• **Work task**:
What lines below include the word "thumbnail"? Copy each one.
─── Task inputs ───
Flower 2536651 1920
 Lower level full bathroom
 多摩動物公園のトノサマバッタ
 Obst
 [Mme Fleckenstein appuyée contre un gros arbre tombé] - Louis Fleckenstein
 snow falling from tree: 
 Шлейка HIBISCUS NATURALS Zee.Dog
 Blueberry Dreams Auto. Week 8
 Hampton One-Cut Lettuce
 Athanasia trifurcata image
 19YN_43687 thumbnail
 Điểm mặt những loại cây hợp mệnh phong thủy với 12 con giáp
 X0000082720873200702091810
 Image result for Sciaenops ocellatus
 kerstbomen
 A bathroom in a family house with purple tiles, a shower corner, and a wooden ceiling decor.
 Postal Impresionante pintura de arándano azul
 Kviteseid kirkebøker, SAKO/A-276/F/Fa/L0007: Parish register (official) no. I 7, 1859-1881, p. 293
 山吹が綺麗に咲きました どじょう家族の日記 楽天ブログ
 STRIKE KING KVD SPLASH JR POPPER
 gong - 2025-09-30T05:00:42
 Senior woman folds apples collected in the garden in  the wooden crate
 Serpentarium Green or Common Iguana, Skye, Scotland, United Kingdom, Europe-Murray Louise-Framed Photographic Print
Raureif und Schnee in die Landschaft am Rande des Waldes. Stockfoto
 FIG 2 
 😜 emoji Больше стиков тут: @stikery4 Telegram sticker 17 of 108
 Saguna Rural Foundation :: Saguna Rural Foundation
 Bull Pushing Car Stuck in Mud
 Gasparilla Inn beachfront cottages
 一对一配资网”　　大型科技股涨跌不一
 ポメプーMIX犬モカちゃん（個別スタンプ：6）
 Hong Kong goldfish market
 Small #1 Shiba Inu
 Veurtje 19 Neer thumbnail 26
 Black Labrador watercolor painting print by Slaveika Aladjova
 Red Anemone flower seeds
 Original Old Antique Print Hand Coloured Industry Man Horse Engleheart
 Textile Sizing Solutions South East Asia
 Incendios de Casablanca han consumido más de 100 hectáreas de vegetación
───
• **Reply**:
 19YN_43687 thumbnail
 Veurtje 19 Neer thumbnail 26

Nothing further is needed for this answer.